EXERCISE OBJECTIVE
Could you repeat all of the entries exactly, leaving out any pictures?

EXTRACTED INFORMATION
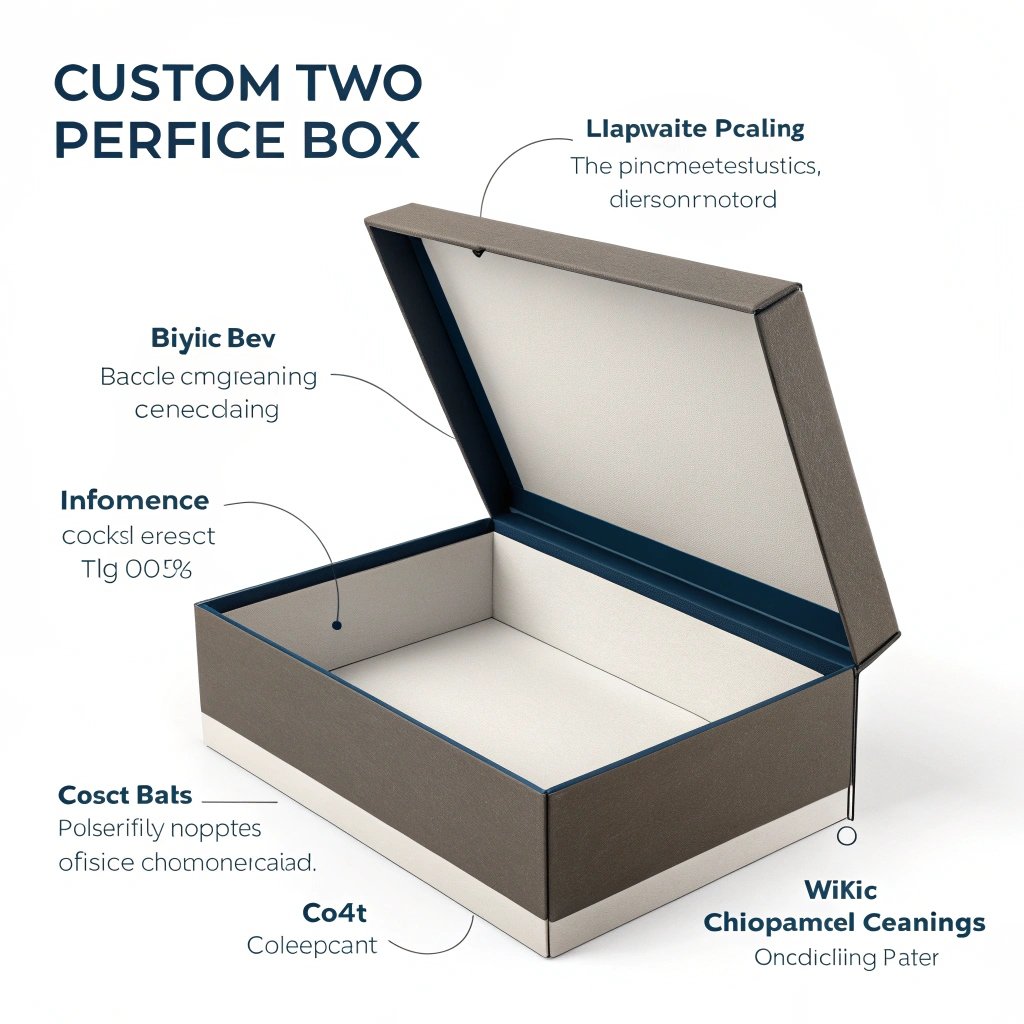 A close-up of a high-end, custom two-piece rigid box, showing the perfect fit between the lid and base.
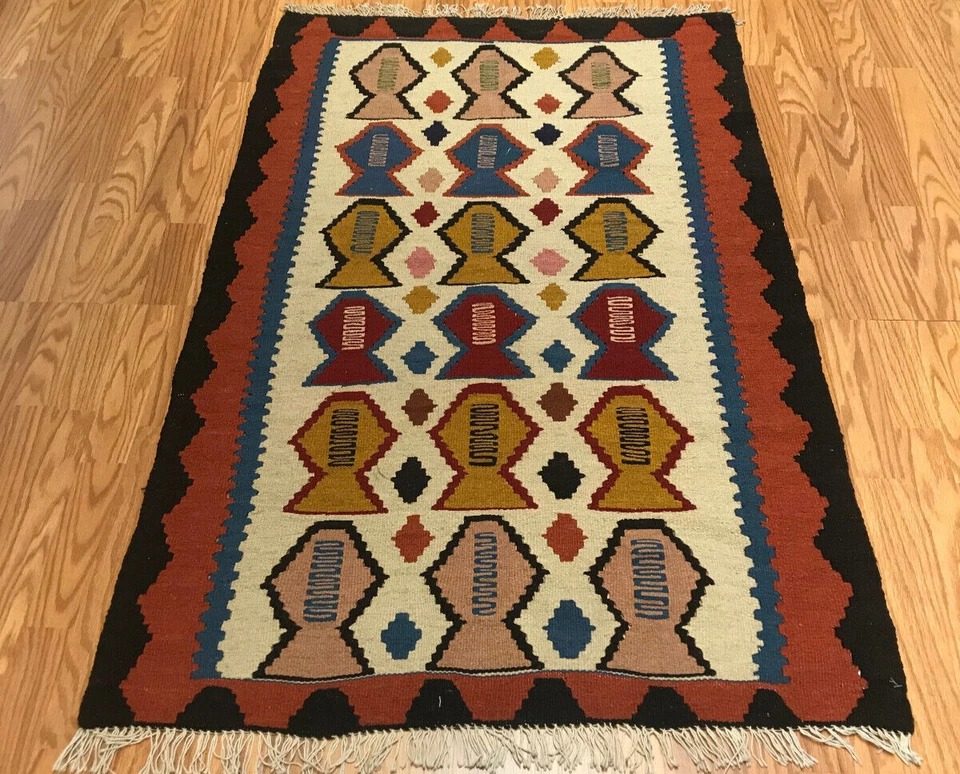 3.3x 4.11 Kilim 100% Wool Hand Knotted Area Rug
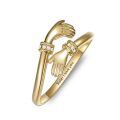 wholesale Yellow 9K Gold Hug Ring for Her Adjustable Hand Jewelry Christmas Birthday Anniversary Valentine s Gifts for Women Girlfriend Wife Fianc e-0-0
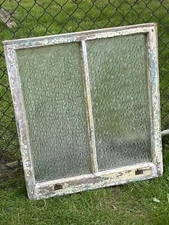 ANTIQUE FLORENTINE STAINED GLASS FARMHOUSE WINDOW PRIVACY GLASS PRE 1900 CHIPPY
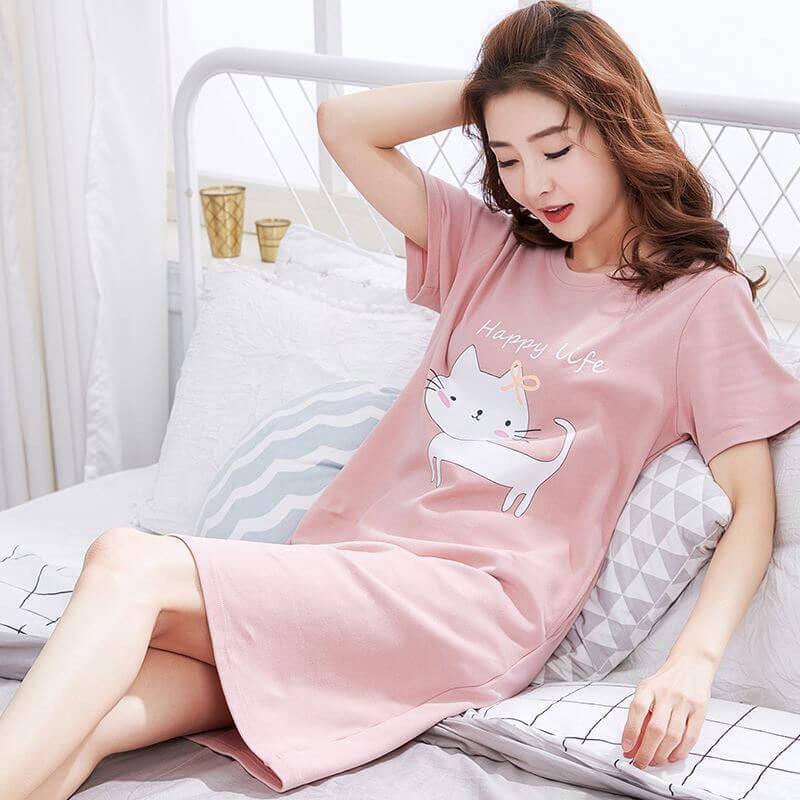 Đồ Ngủ Thời Trang, Dễ Thương Và Dáng Rộng Vừa Vặn, ngắn Tay, Váy Ngủ Dài Trung Bình Đồ Mặc Nhà Nữ Women Dress 4
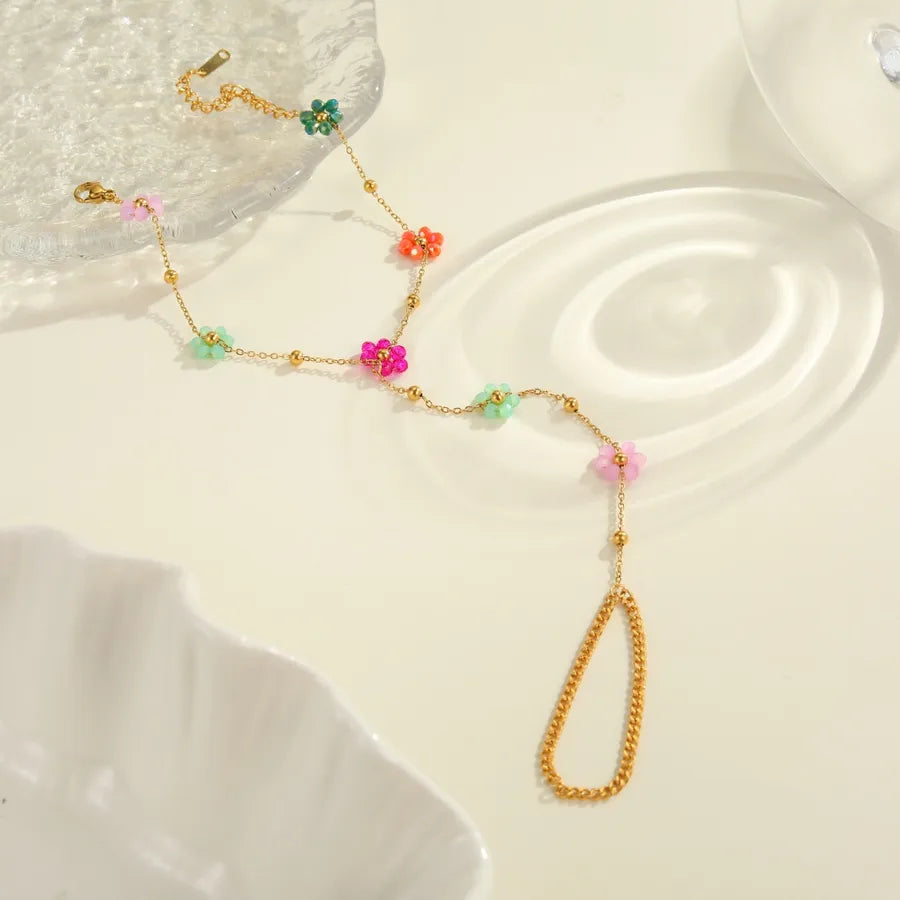 Gold Plated Beaded Flower Bracelet for Women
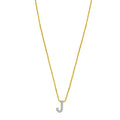 14K yellow gold J initial pendant necklace with small round diamonds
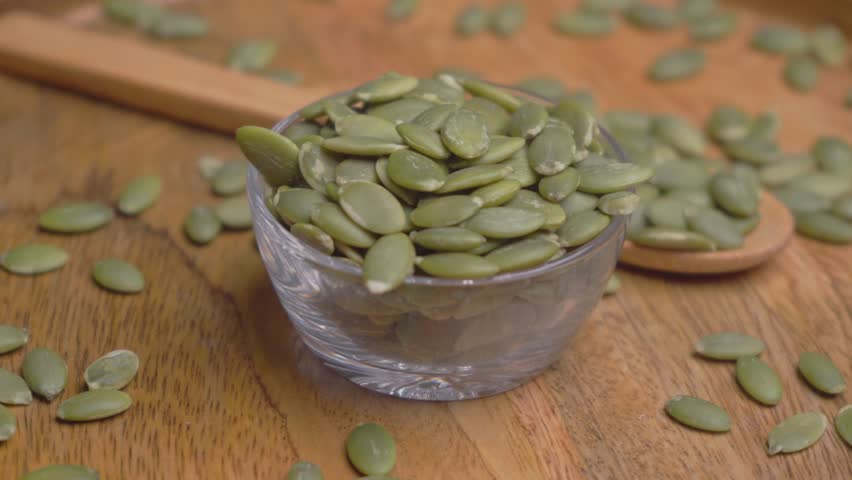Rotating Shot of Pumpkin Seeds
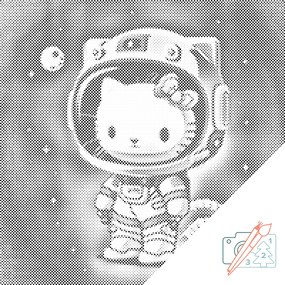 Gario Bodkovanie Hello Kitty Rozmery: 50 x 50 cm, Rámovanie: S vnútorným rámom, Farba bodiek: Zelená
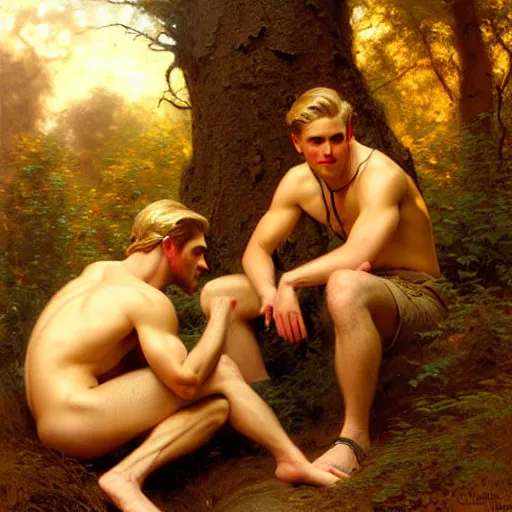 Image similar to attractive blonde male and attractive brunet male, in the woods near the fire. highly detailed painting by gaston bussiere, craig mullins, j. c. leyendecker 8 k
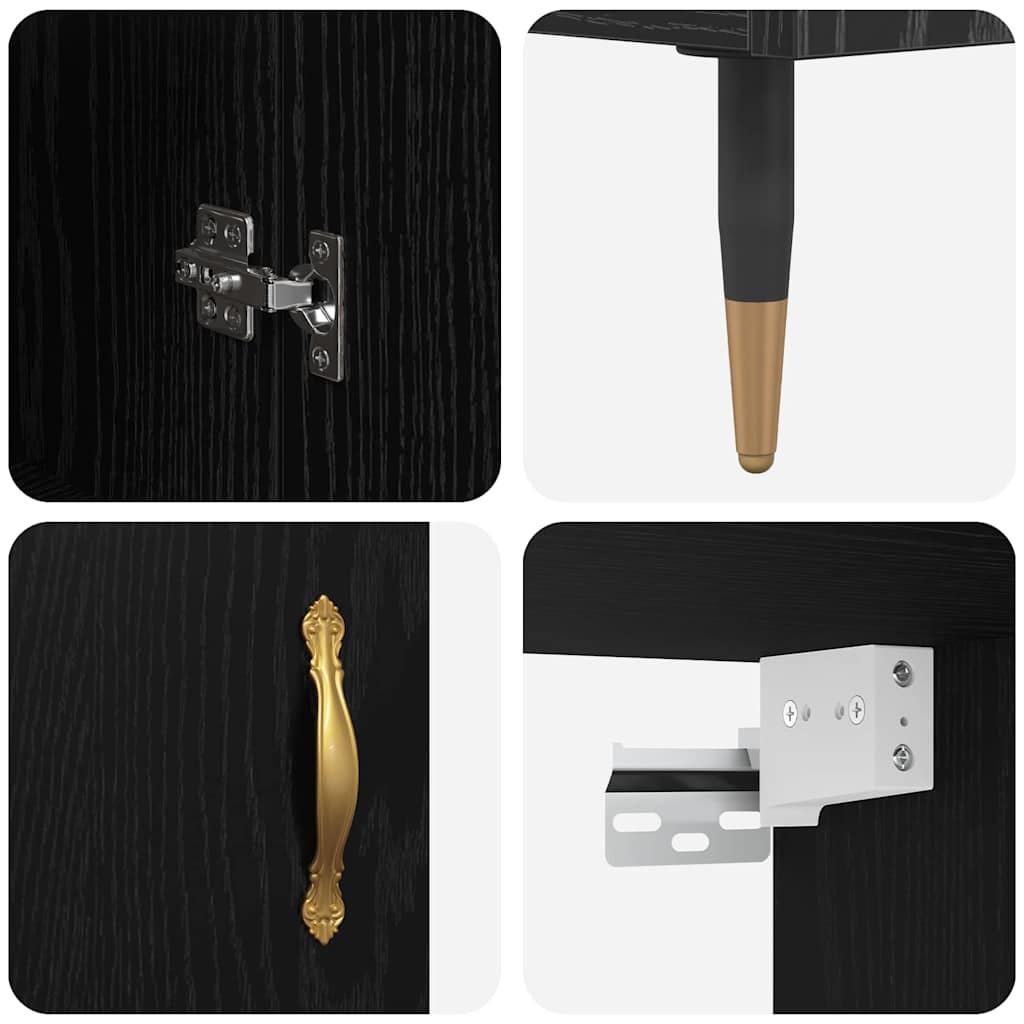 Haut Armoire Chêne noir 69,5 x 34 x 180 cm Bois d'ingénierie - XIOS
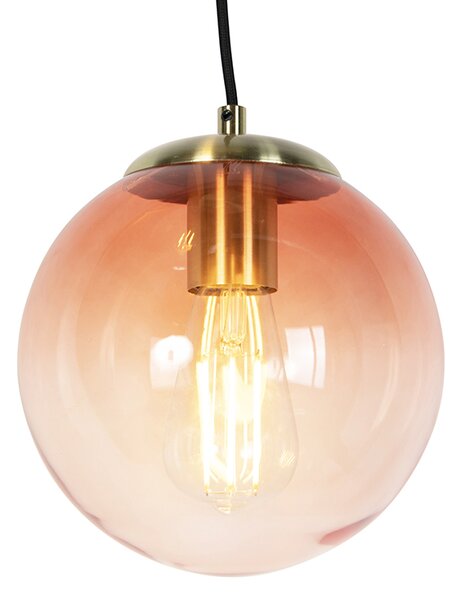 Lampa wisząca w stylu art deco mosiądz 45 cm 3-światłowa różowa - Pallon
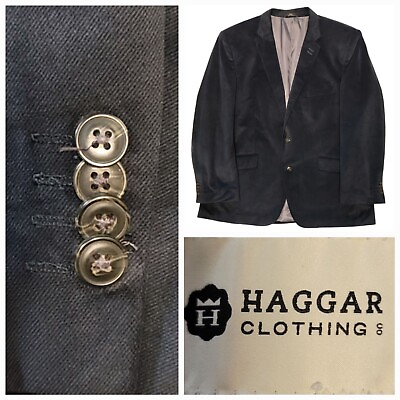 #ad Haggar Sport Coat Mens 46R Black Suit Jacket Two Button Polyester Velvet Blazer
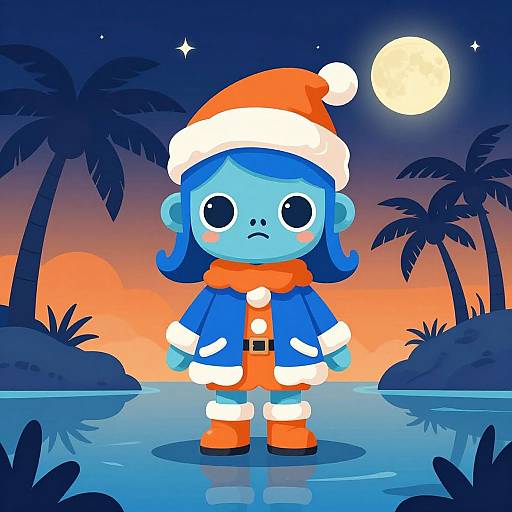 Cartoon-style digital drawing of a blue-skinned girl with blue hair in a Santa hat, scarf, and coat, standing in a tropical pond at
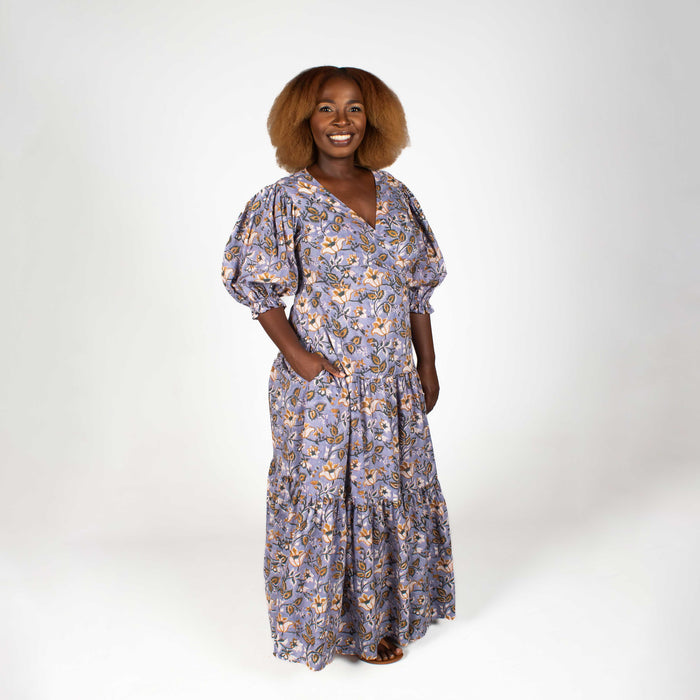 Ladies' Floral Wrap Dress - Sky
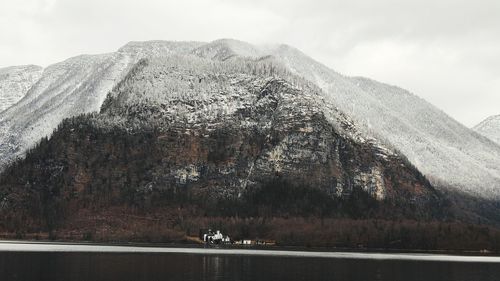 Scenic view of lake by mountains against sky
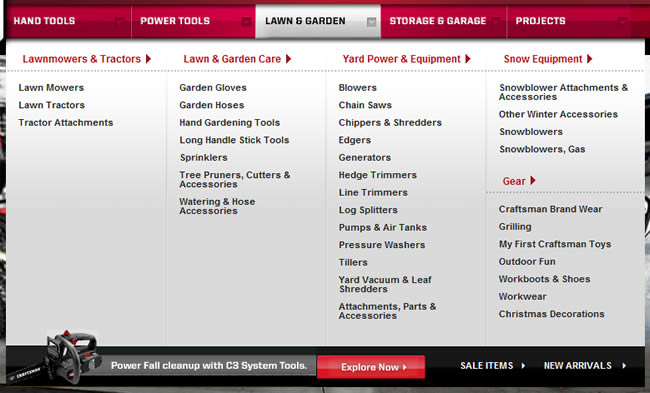 Craftsman mega menu design example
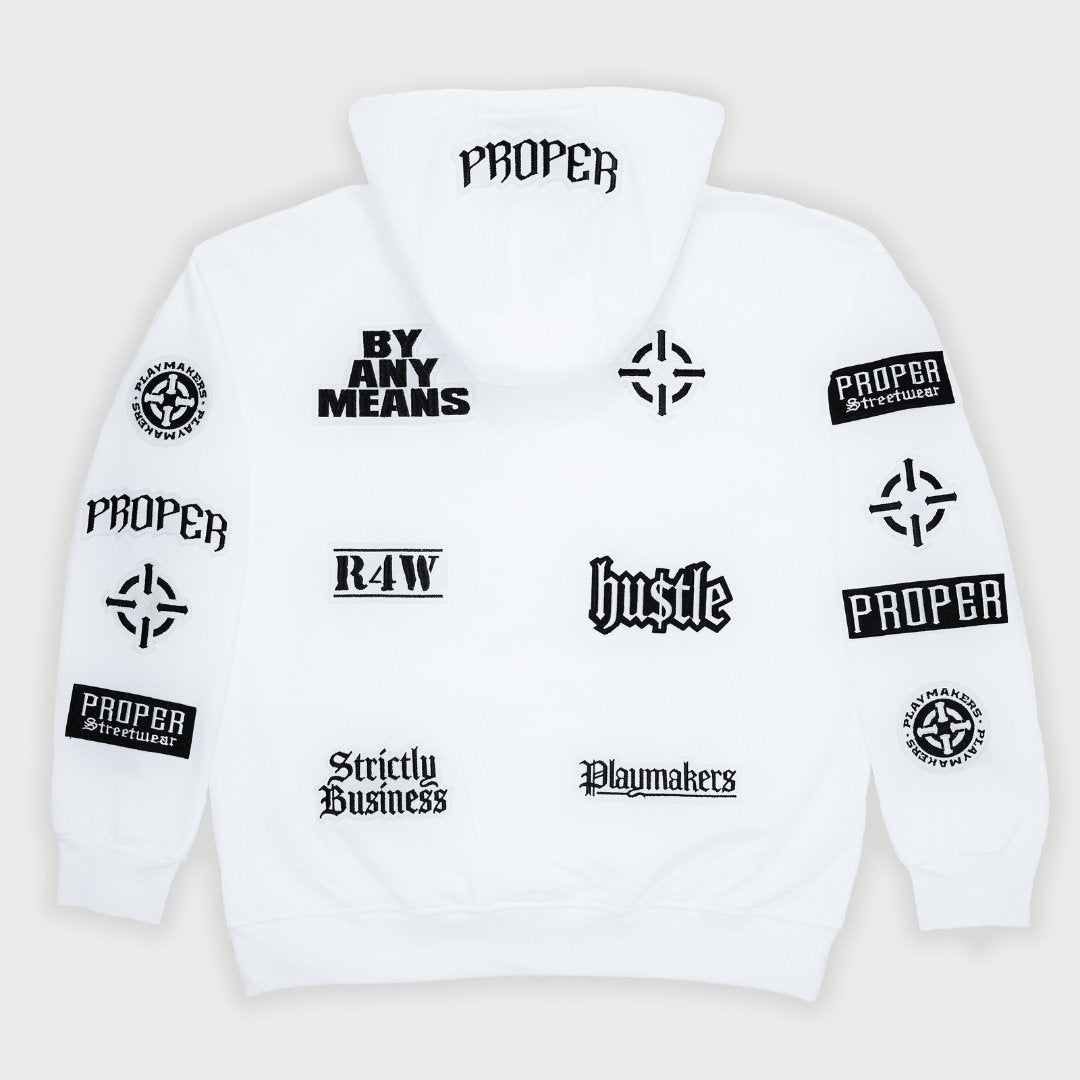 PROPER LOGO HOODIE WHITE - Proper Streetwear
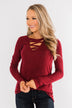 Never Ending Smiles Criss Cross Top- Burgundy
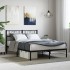 Estructura cama sin colchón con cabecero metal negro 140x200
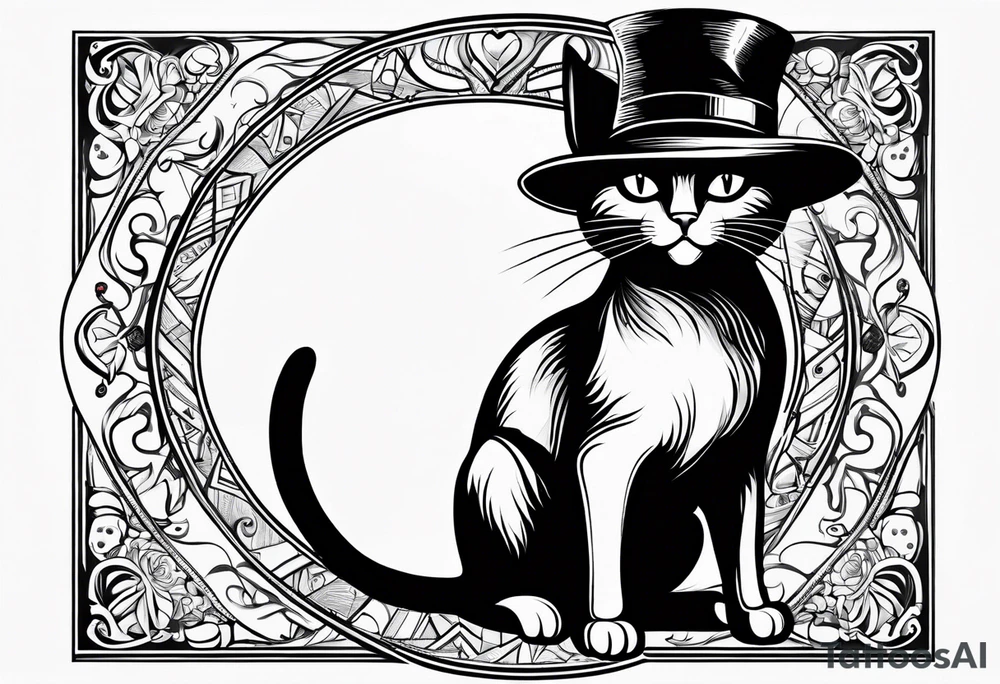 Black cat with a funny hat and a sweater tattoo idea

EXPECTED OUTPUT
 A close-up of a high-end, custom two-piece rigid box, showing the perfect fit between the lid and base.
 3.3x 4.11 Kilim 100% Wool Hand Knotted Area Rug
 wholesale Yellow 9K Gold Hug Ring for Her Adjustable Hand Jewelry Christmas Birthday Anniversary Valentine s Gifts for Women Girlfriend Wife Fianc e-0-0
 ANTIQUE FLORENTINE STAINED GLASS FARMHOUSE WINDOW PRIVACY GLASS PRE 1900 CHIPPY
 Đồ Ngủ Thời Trang, Dễ Thương Và Dáng Rộng Vừa Vặn, ngắn Tay, Váy Ngủ Dài Trung Bình Đồ Mặc Nhà Nữ Women Dress 4
 Gold Plated Beaded Flower Bracelet for Women
 14K yellow gold J initial pendant necklace with small round diamonds
Rotating Shot of Pumpkin Seeds
 Gario Bodkovanie Hello Kitty Rozmery: 50 x 50 cm, Rámovanie: S vnútorným rámom, Farba bodiek: Zelená
 Image similar to attractive blonde male and attractive brunet male, in the woods near the fire. highly detailed painting by gaston bussiere, craig mullins, j. c. leyendecker 8 k
 Haut Armoire Chêne noir 69,5 x 34 x 180 cm Bois d'ingénierie - XIOS
 Lampa wisząca w stylu art deco mosiądz 45 cm 3-światłowa różowa - Pallon
 #ad Haggar Sport Coat Mens 46R Black Suit Jacket Two Button Polyester Velvet Blazer
 Cartoon-style digital drawing of a blue-skinned girl with blue hair in a Santa hat, scarf, and coat, standing in a tropical pond at
 Ladies' Floral Wrap Dress - Sky
 Scenic view of lake by mountains against sky
 Craftsman mega menu design example
 PROPER LOGO HOODIE WHITE - Proper Streetwear
 Never Ending Smiles Criss Cross Top- Burgundy
 Estructura cama sin colchón con cabecero metal negro 140x200
 Black cat with a funny hat and a sweater tattoo idea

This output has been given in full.